In those days—and it was the mid-1980s, as I have said—William and I lived in the West Village, in a small apartment near the river. A walk-up, and it was something, with the two small children and having no laundry facilities in the building, and we also had a dog. I would put the younger child in a carry pack on my back—until she got too big—and walk the dog, bending precariously to pick up his mess in a plastic bag, as the signs told one to do: CLEAN UP AFTER YOUR DOG. Always calling out to my older girl to wait for me, not to step off the sidewalk. Wait, wait!

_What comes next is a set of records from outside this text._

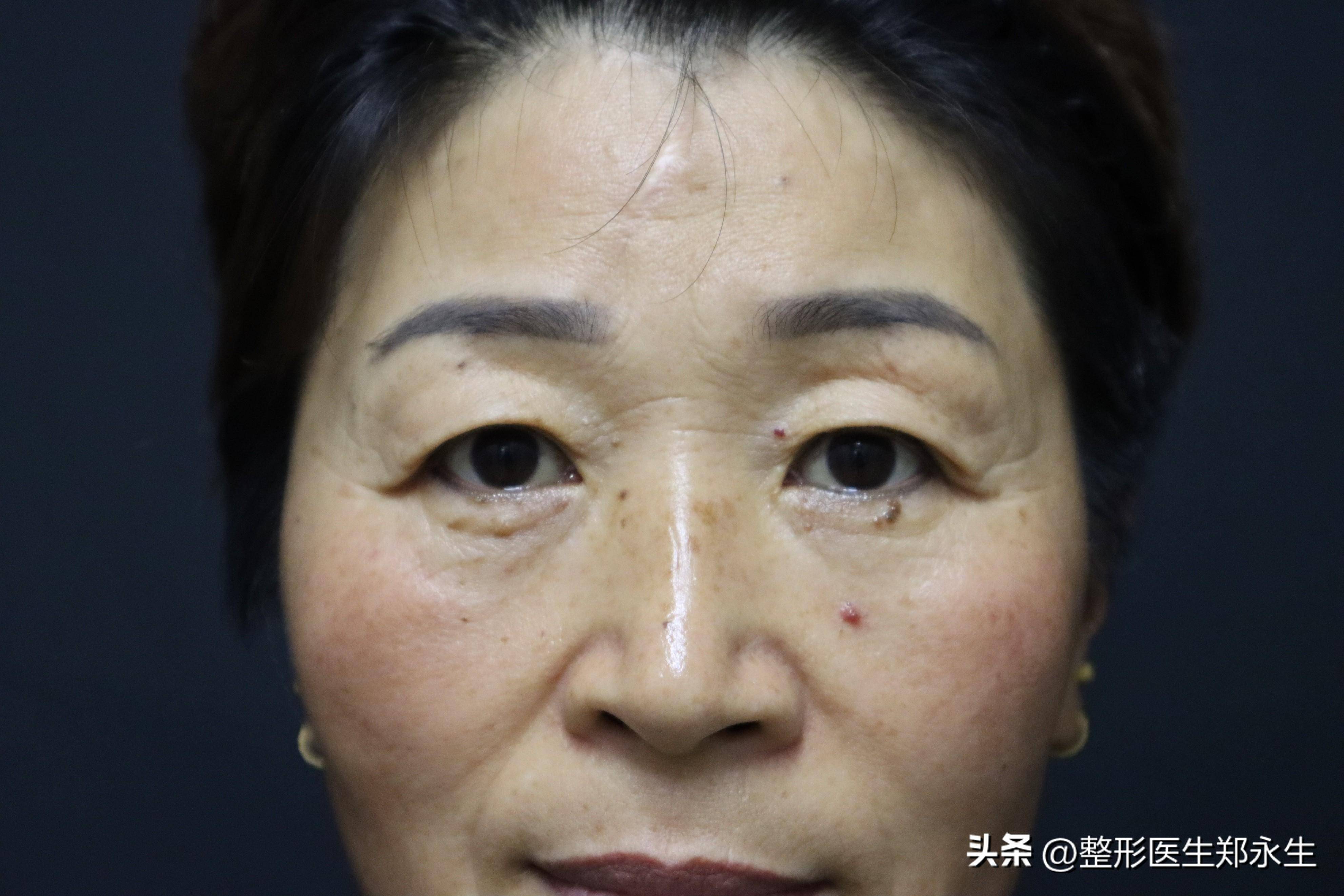 人眼皮尤其是眼尾都耷拉下来了,年轻时候漂亮的眼睛逐渐变成了三角眼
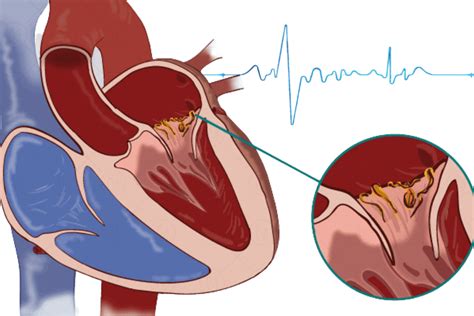 What should you know about Infective Endocarditis: Corrielus Cardiology ...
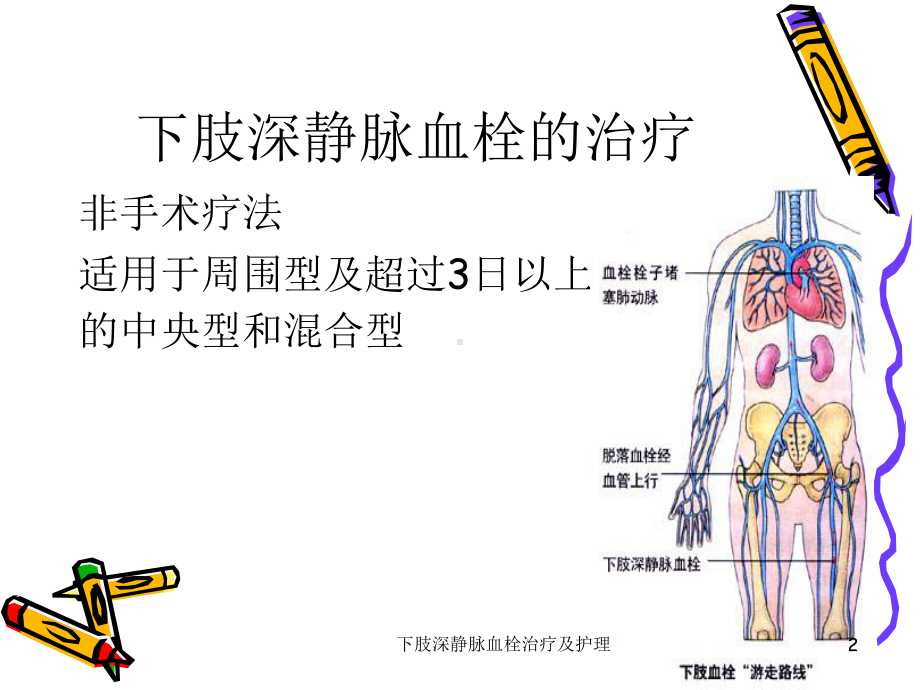 下肢深静脉血栓治疗及护理课件.ppt_第2页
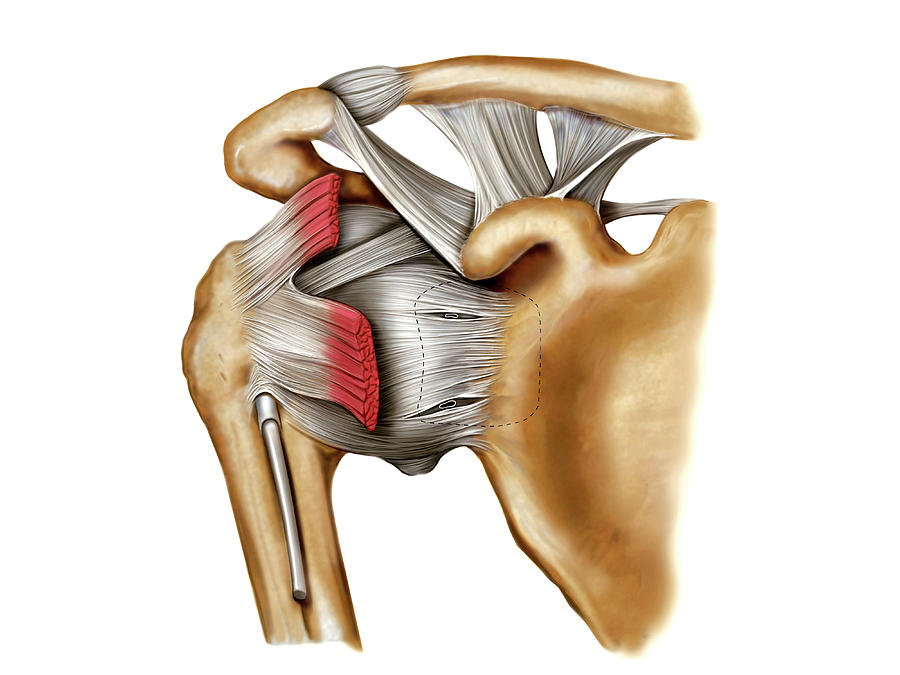 Сустав 5. Shoulder Joint.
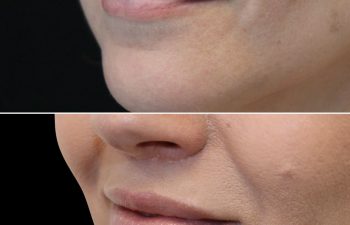 48 Year Old Before and 3 Months After Awake Lip Lift with Dr. Maia in Tysons Corner, Virginia
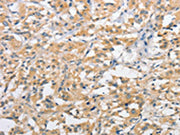 The image on the left is immunohistochemistry of paraffin-embedded Human thyroid cancer tissue using CSB-PA167980(ATG10 Antibody) at dilution 1/60, on the right is treated with fusion protein. (Original magnification: ×200)
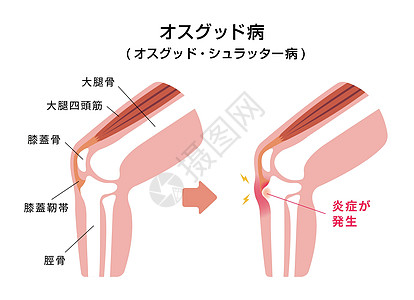 病膝关节病它制作图案胫骨生物学疾病伤害髌骨骨骼疼痛身体肌肉插图图片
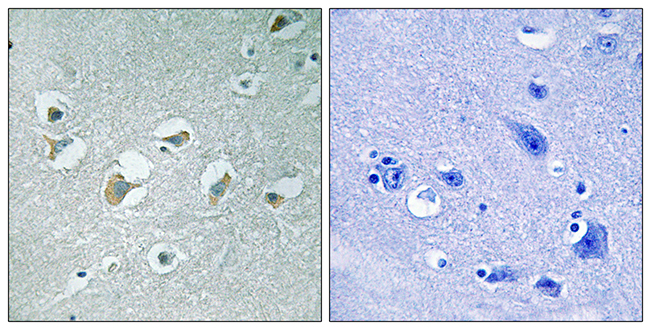 Anti-MLK1 + MLK2 (phospho Thr312 + Thr266) Antibody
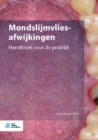 Image for Mondslijmvliesafwijkingen: Handboek Voor De Praktijk
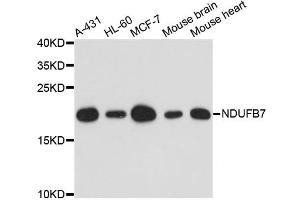 Western blot analysis of extracts of various cell lines, using NDUFB7 antibody. (NDUFB7 anticorps)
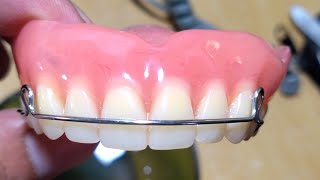 Pustiso with Retainer or Denture with Retainer [upl. by Bergstrom434]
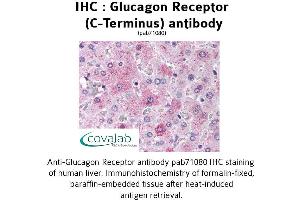 Image no. 1 for anti-Glucagon Receptor (GCGR) (C-Term) antibody (ABIN1734752) (Glucagon Receptor Antikörper  (C-Term))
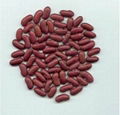 dark red kidney beans 1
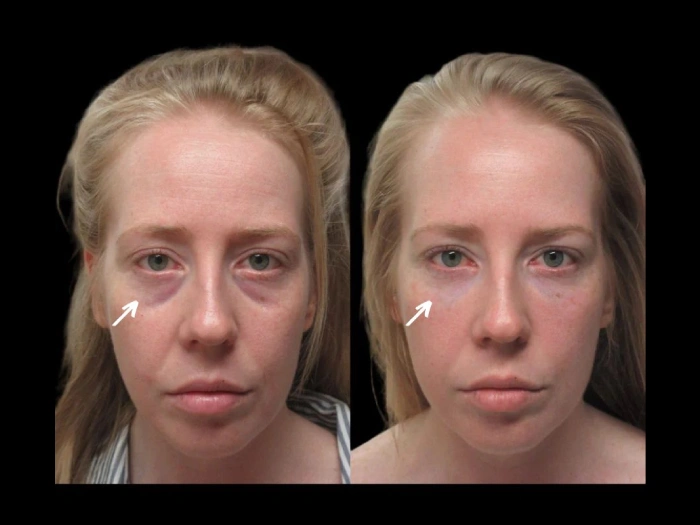 Salmon Dna Injection Before After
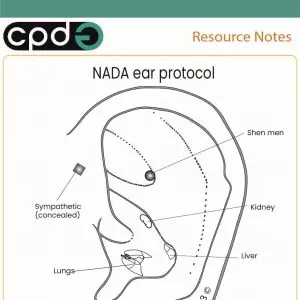 CPDG NADA Ear Acupuncture protocol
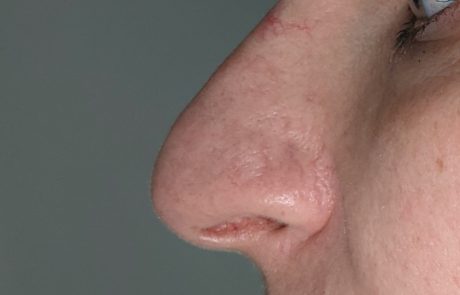 nose filler example
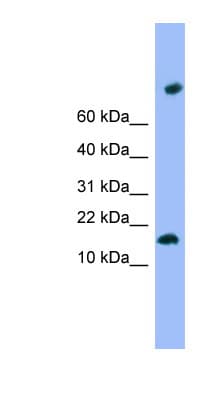 Polyclonal Rabbit anti-Human TMEM42 Antibody (N-Terminus, WB)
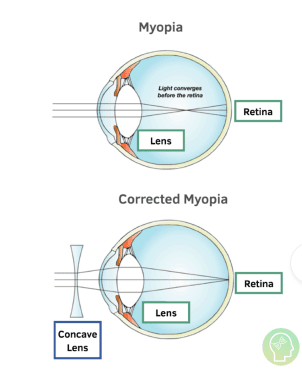 Myopia diagram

I had two friends, and I was half in love with one of them, Jeremy. He lived on the top floor of our building and he was almost, but not quite, the age of my father. He had come originally from France, from the aristocracy, and he gave that all up to be in America, starting as a young man. “Everyone different wanted to be in New York back then,” he told me. “It was the place to come to. I guess it still is.” Jeremy had decided in the middle of his life to become a psychoanalyst, and when I met him he still had a few patients, but he would not talk to me about what that was like. He had an office across from the New School, and three times a week he went there. I would pass him on the street, and the sight of him—tall, thin, dark-haired, wearing a dark suit, and his soulful face—always made my heart rise. “Jeremy!” I would say, and he would smile and lift his hat in a way that was courtly and old-fashioned and European—this is how I saw it.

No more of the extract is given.